AI Explicability (E) asks whether the system can support the continuing scrutiny that legitimate trust requires — not just at validation, but continuously in operation. A system can pass all validation requirements and still be trusted at the wrong level if its outputs cannot be interrogated when they should be.

WHAT THIS MEANS FOR YOUR ORGANIZATION

Part III — The Triadic Trust Scale: what it measures and when

The Trust Ecology Framework operates at three levels. Being explicit about which level is currently available is itself a demonstration of rigor.

The Triadic Trust Scale (TTS) is a psychometric instrument that measures trust calibration across L, S, and E at the individual and institutional level. It distinguishes over-reliance from under-reliance, identifies which dimension is driving miscalibration, and produces a Trust Fidelity Index (TFI) score that creates a quantified baseline for monitoring over time. It does not replace model validation or bias testing — it measures the human-AI relationship that determines whether those validation results translate into appropriate operational behaviour.

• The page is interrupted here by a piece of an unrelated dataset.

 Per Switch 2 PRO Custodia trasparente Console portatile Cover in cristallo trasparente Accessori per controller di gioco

Level 3 addresses a governance frontier that no current framework has mapped. As AI systems become agentic — routing claims without handler review, flagging fraud without adjuster involvement, pricing policies without underwriter sign-off — the question of trust calibration shifts from "are humans relying on this at the right level" to "should humans be in this loop at all, and how do we govern the ones who are not." That is a harder problem and an open research question. We frame it openly as an emerging research frontier.

Part IV — From diagnosis to action

If Systemic Legitimacy (L) is low, the institution has deployed AI where stakeholders do not perceive it as warranted. The intervention is transparency: explainability at the customer-facing level, accessible audit trails, accountability structures that are visible. Vietnam Bancassurance failed here — the regulatory framework endorsed the partnership model without ever validating whether customers could trust the decisions being made on their behalf.

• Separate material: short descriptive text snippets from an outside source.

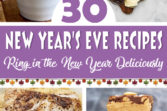A collection of New Year's Eve-inspired recipes to celebrate the holiday. These 30 recipes will have you and your guests ringing in the new year deliciously! 30 Dishes to Rock Your New Year, new years eve food, pork and sauerkraut, new years food, finger foods, holiday appetizers, shrimp burger, fried ravioli, gourmet foods, charcuterie, grazing boards
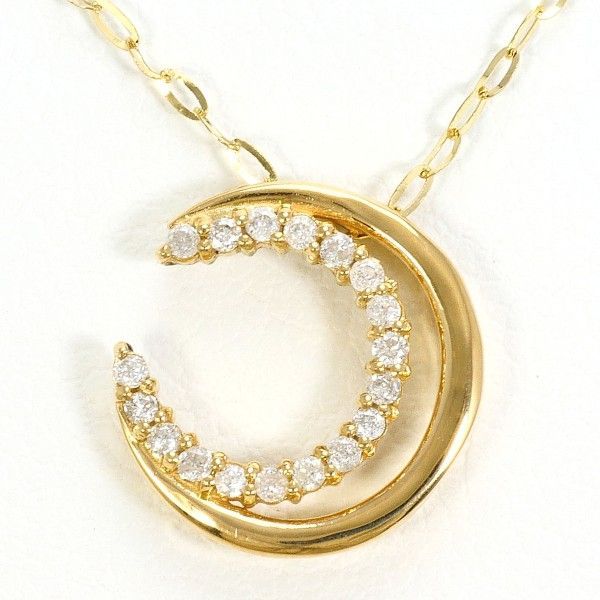 K18YG ネックレス necklace ダイヤ 0.09 総重量約1.9g 約60cm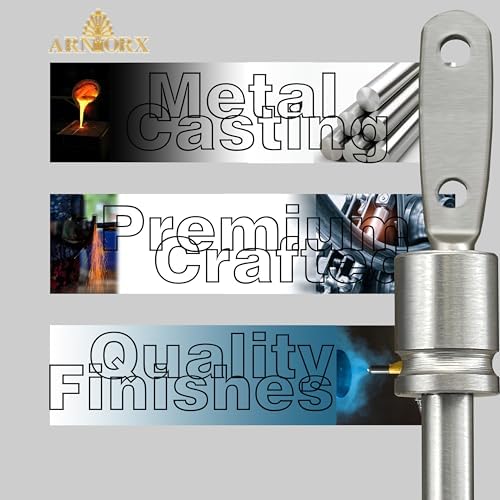 Arnorx Decorative Curtain Holdbacks, Wall Mounted Tiebacks, Metal Drapery Hooks, 2 PCS, Matte Brushed Nickel - Image 5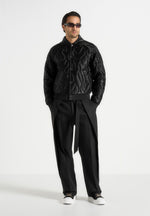 Ugo - Satin Embroidered Jacket - Black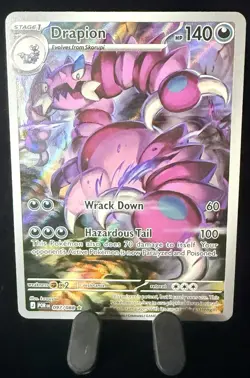 2026 Pokemon Perfect Order Drapion Illustration Rare #097/088 - Image 3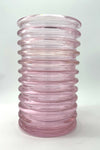Mid century vase Murano glass pink ribbed Onda by Sergio Asti for Amolfo Cambio 1970s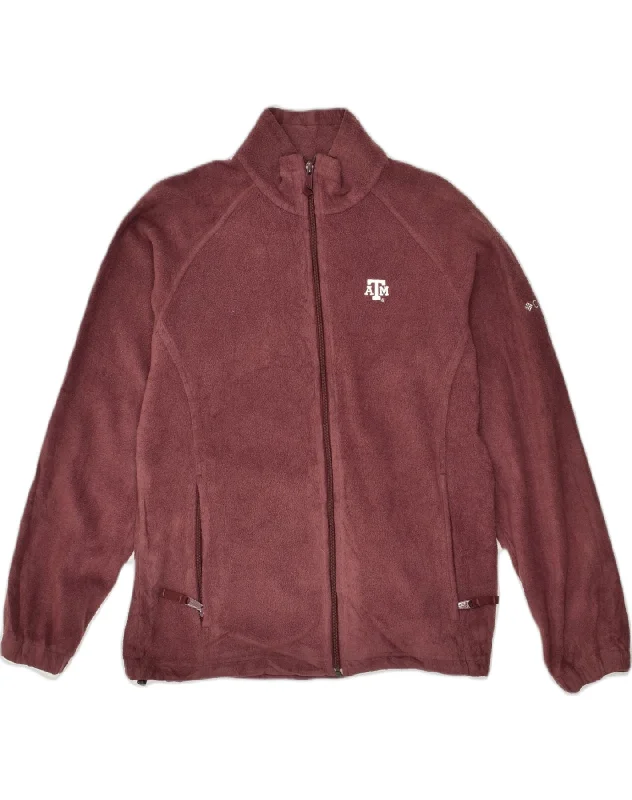 End Of Season Sale Clothing COLUMBIA Womens Fleece Jacket UK 10 Small Maroon Polyester End Of Season Sale Clothing COLUMBIA Womens Fleece Jacket UK 10 Small Maroon Polyester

If Human Stewardship (S) is low, staff are either deferring blindly or ignoring outputs that deserve weight. The intervention is stewardship design: decision protocols that structure when override is appropriate, override rate monitoring as a governance signal, training that builds interrogation capability rather than compliance behaviour. UnitedHealth failed here — the algorithm became a target to hit rather than a tool to question.

If AI Explicability (E) is low, the system cannot support the scrutiny that warranted trust requires. The intervention is technical: SHAP-level explainability for adverse decisions, model cards describing failure modes, continuous monitoring that detects distribution shift before it becomes miscalibration. Fannie/Freddie FICO fails here — the algorithm resists the scrutiny its scale of impact demands.

FIGURE 3 — FROM GOVERNANCE CHECKLIST TO TRUST AUDIT: WHAT TEF ADDS

TFI = Trust Fidelity Index, the composite score produced by the TTS. The incident response addition is the question that current post-mortems rarely ask — and the one that would have surfaced UnitedHealth, Wells Fargo, and Vietnam Bancassurance earlier.

The target quadrant is empty — and that is where the work begins

Calibrated trust ecology is not an aspiration. It is the absence of a known failure mode. Very few organizations have publicly demonstrated it, not because it is out of reach, but because the tools to measure it have not existed. The precedents for building those tools are in other high-stakes human-machine domains: aviation crew resource management, surgical checklists, nuclear control room protocols. In each case, the move from "the system is certified" to "the human-system relationship is calibrated" required a deliberate measurement program. Insurance and banking AI governance is at the same threshold.

The question is not whether your AI systems are performing. Your dashboards tell you that. The question is whether the trust your institution has placed in those systems is warranted — and whether the people using them are engaged at the right level to catch what the dashboards cannot show.

That question now has an instrument. The target quadrant is empty — and that is where the work begins.